Delving into CytoSorbents’s Background
CytoSorbents Corp specializes in treating life-threatening conditions in intensive care and cardiac surgery using proprietary polymer adsorption technology. Its flagship product, CytoSorb, is approved in the EU as an extracorporeal cytokine absorber, aiming to reduce inflammation and prevent multiple organ failure in critical illnesses like sepsis and trauma. Revenue primarily comes from product sales in Germany, with additional income from grant agencies in the United States. The company operates through Direct sales, Distributors/strategic partners, and Government segments. The company’s product consists of Cytosorb, ECOS-300CY, VetResQ, HemoDefend, and DrugSorb-ATR.
Financial Milestones: CytoSorbents’s Journey
Market Capitalization Analysis: The company’s market capitalization is below the industry average, suggesting that it is relatively smaller compared to peers.
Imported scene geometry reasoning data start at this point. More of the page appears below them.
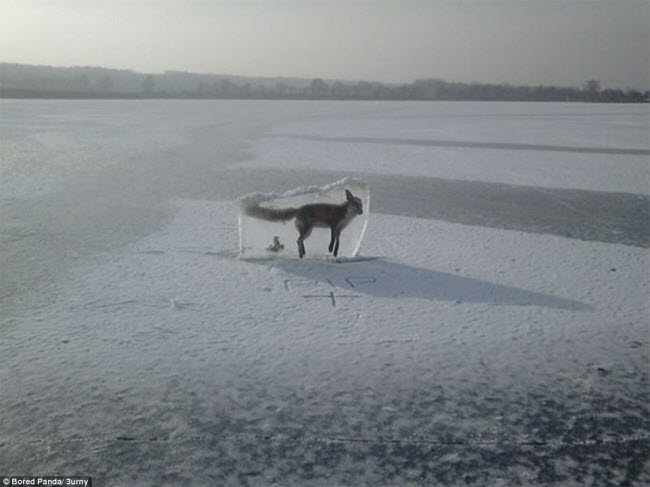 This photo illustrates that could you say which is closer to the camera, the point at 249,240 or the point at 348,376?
the point at 348,376

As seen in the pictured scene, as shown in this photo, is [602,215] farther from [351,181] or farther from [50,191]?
[50,191]

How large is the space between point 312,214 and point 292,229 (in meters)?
0.28

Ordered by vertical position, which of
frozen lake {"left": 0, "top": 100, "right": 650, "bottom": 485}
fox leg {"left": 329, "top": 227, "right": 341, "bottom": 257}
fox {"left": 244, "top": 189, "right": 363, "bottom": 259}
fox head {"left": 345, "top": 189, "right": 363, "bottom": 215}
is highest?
fox head {"left": 345, "top": 189, "right": 363, "bottom": 215}

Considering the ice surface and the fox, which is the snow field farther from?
the fox

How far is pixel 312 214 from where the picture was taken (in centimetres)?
500

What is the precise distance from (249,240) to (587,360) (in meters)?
3.17

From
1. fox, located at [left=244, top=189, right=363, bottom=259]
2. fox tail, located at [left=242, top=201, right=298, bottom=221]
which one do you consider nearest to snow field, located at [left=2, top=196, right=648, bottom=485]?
fox, located at [left=244, top=189, right=363, bottom=259]

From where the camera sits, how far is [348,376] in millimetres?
3143

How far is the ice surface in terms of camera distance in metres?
5.05

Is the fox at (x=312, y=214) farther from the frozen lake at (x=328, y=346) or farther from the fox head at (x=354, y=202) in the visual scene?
the frozen lake at (x=328, y=346)

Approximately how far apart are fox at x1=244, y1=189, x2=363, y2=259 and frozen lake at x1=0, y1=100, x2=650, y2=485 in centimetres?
39

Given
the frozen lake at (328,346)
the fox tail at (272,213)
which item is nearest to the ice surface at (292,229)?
the fox tail at (272,213)

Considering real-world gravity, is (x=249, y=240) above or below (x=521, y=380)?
above

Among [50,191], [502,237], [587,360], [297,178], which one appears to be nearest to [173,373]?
[587,360] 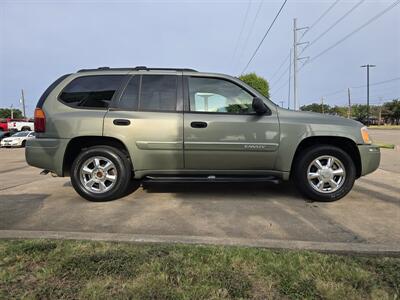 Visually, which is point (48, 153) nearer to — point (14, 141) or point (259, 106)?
point (259, 106)

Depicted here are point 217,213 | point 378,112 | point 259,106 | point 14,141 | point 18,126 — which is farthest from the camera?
point 378,112

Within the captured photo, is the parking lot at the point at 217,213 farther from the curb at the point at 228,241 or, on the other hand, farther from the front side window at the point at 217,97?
the front side window at the point at 217,97

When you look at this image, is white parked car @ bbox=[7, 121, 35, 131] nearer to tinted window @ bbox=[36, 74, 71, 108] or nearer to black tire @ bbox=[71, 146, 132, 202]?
tinted window @ bbox=[36, 74, 71, 108]

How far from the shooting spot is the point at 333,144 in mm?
5469

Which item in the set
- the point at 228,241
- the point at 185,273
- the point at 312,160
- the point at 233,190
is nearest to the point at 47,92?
the point at 233,190

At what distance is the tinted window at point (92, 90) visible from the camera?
211 inches

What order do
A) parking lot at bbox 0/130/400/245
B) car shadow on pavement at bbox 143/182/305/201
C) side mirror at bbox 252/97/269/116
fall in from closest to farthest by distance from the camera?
parking lot at bbox 0/130/400/245 < side mirror at bbox 252/97/269/116 < car shadow on pavement at bbox 143/182/305/201

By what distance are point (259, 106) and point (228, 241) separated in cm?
235

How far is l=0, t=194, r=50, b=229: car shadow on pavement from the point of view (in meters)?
4.38

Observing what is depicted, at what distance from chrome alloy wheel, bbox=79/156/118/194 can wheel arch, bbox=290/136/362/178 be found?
259 cm

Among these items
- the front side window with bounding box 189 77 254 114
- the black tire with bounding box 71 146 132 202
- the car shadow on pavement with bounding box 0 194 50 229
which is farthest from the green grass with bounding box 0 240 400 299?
the front side window with bounding box 189 77 254 114

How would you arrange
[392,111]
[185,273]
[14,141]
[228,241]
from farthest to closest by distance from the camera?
[392,111] → [14,141] → [228,241] → [185,273]

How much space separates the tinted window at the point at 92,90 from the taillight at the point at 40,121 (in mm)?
353

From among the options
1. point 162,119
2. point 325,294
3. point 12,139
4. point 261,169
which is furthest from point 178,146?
point 12,139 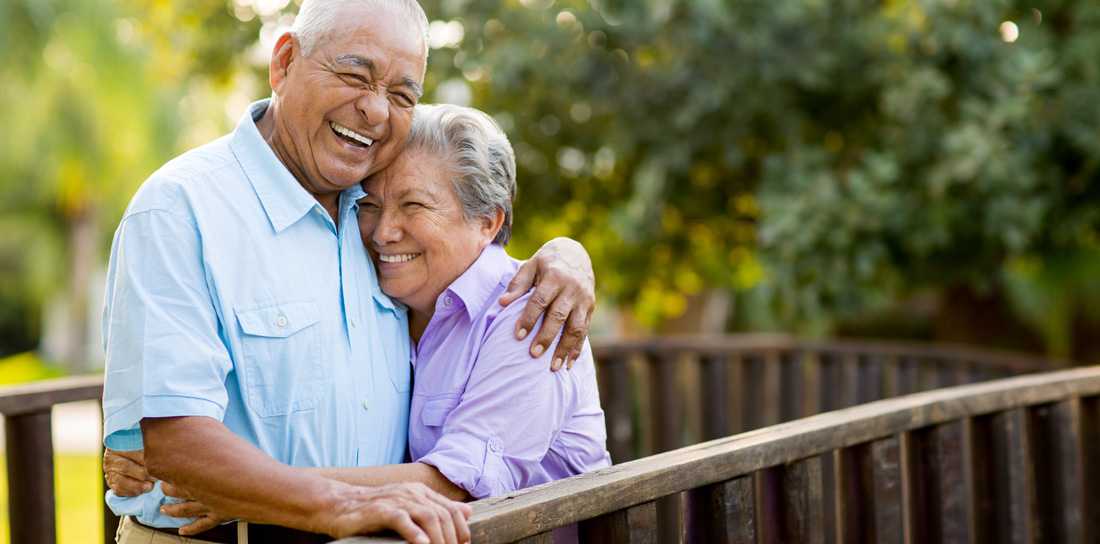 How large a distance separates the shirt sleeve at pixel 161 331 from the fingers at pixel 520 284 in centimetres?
A: 63

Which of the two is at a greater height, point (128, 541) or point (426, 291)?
point (426, 291)

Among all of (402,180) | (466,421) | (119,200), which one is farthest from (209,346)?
(119,200)

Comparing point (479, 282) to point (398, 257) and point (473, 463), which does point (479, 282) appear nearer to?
point (398, 257)

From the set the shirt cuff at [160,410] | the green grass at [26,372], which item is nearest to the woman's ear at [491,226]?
the shirt cuff at [160,410]

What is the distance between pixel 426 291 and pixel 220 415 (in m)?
0.66

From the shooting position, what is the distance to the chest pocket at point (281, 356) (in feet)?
5.27

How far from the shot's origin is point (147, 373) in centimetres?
142

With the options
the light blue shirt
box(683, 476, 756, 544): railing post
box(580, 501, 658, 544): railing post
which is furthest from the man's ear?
box(683, 476, 756, 544): railing post

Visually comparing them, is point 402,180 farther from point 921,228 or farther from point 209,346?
point 921,228

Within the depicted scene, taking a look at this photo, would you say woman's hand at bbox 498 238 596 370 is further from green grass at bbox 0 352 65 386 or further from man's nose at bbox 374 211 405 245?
green grass at bbox 0 352 65 386

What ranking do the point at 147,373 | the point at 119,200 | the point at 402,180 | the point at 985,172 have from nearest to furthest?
the point at 147,373, the point at 402,180, the point at 985,172, the point at 119,200

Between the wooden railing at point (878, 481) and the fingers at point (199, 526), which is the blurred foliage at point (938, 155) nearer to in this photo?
the wooden railing at point (878, 481)

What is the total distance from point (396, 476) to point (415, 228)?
0.59 metres

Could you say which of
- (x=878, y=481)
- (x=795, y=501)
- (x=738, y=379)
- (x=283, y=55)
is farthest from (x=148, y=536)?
(x=738, y=379) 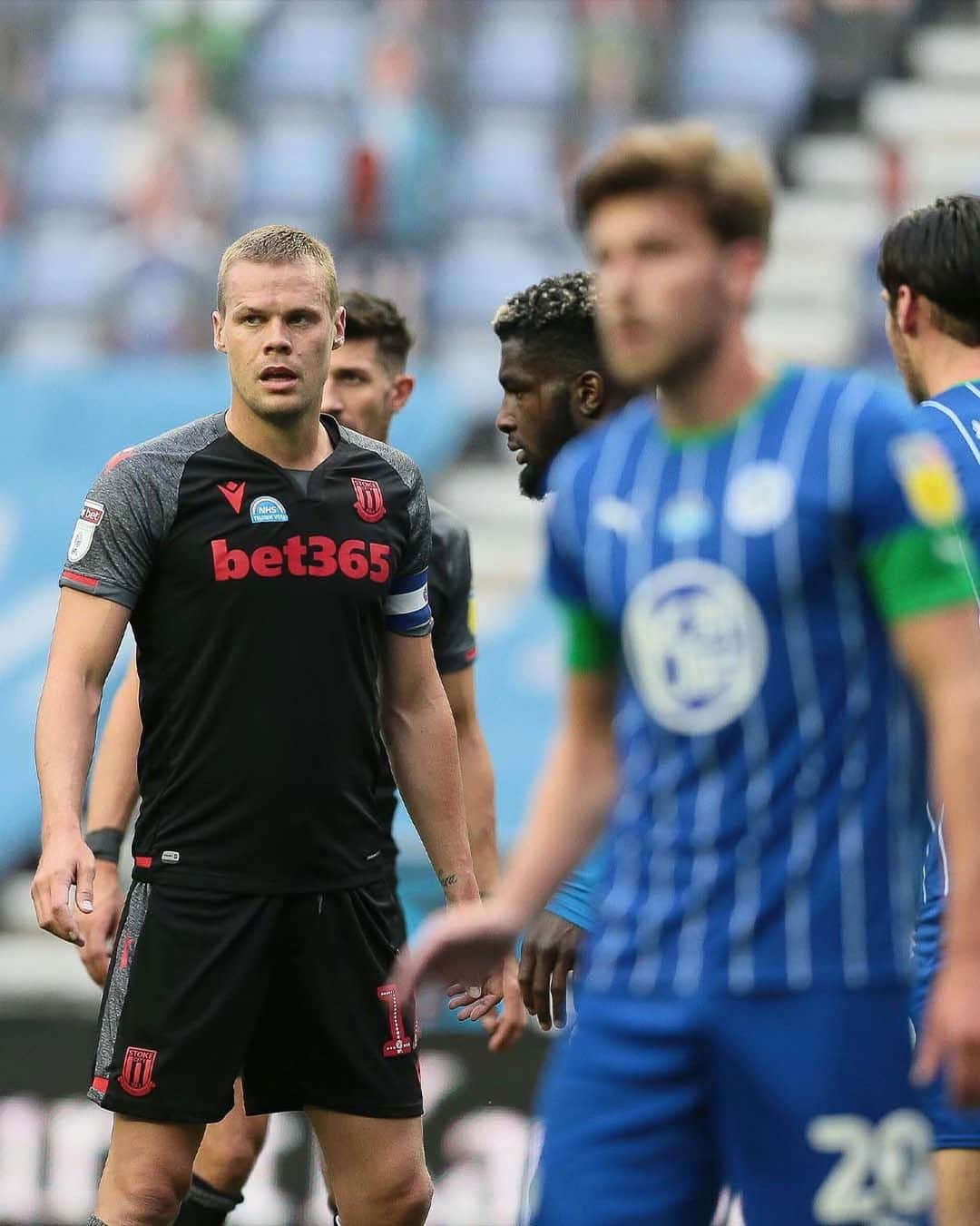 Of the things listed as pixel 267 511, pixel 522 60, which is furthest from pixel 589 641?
pixel 522 60

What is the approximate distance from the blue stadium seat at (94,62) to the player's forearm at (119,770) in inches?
432

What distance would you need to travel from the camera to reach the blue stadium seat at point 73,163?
14508 mm

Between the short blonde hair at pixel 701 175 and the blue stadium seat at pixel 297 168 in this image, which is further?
the blue stadium seat at pixel 297 168

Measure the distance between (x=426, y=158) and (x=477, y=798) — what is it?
8573 millimetres

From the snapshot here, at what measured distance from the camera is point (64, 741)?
163 inches

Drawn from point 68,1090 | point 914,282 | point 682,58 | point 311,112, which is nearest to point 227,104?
point 311,112

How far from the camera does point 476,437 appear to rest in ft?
39.0

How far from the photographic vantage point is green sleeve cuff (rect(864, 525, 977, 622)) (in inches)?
108

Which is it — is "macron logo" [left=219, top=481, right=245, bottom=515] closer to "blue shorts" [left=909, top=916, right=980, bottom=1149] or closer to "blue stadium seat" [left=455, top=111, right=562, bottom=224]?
"blue shorts" [left=909, top=916, right=980, bottom=1149]

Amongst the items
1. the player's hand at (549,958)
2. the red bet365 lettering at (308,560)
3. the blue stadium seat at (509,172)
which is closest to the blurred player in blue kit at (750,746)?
the player's hand at (549,958)

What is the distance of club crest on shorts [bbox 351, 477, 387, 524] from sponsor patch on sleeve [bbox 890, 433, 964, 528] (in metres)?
1.77

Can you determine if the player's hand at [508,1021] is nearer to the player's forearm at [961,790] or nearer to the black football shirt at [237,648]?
the black football shirt at [237,648]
This could be due to various factors, including perceived growth potential or operational scale.
Positive Revenue Trend: Examining CytoSorbents’s financials over 3 months reveals a positive narrative. The company achieved a noteworthy revenue growth rate of 11.08% as of 30 September, 2024, showcasing a substantial increase in top-line earnings. In comparison to its industry peers, the company trails behind with a growth rate lower than the average among peers in the Health Care sector.
Net Margin: CytoSorbents’s net margin is impressive, surpassing industry averages. With a net margin of -27.1%, the company demonstrates strong profitability and effective cost management.
Return on Equity (ROE): The company’s ROE is below industry benchmarks, signaling potential difficulties in efficiently using equity capital. With an ROE of -15.7%, the company may need to address challenges in generating satisfactory returns for shareholders.
Return on Assets (ROA): The company’s ROA is a standout performer, exceeding industry averages. With an impressive ROA of -4.61%, the company showcases effective utilization of assets.
Debt Management: With a high debt-to-equity ratio of 2.06, CytoSorbents faces challenges in effectively managing its debt levels, indicating potential financial strain.
To track all earnings releases for CytoSorbents visit their earnings calendar on our site.
This article was generated by Benzinga’s automated content engine and reviewed by an editor.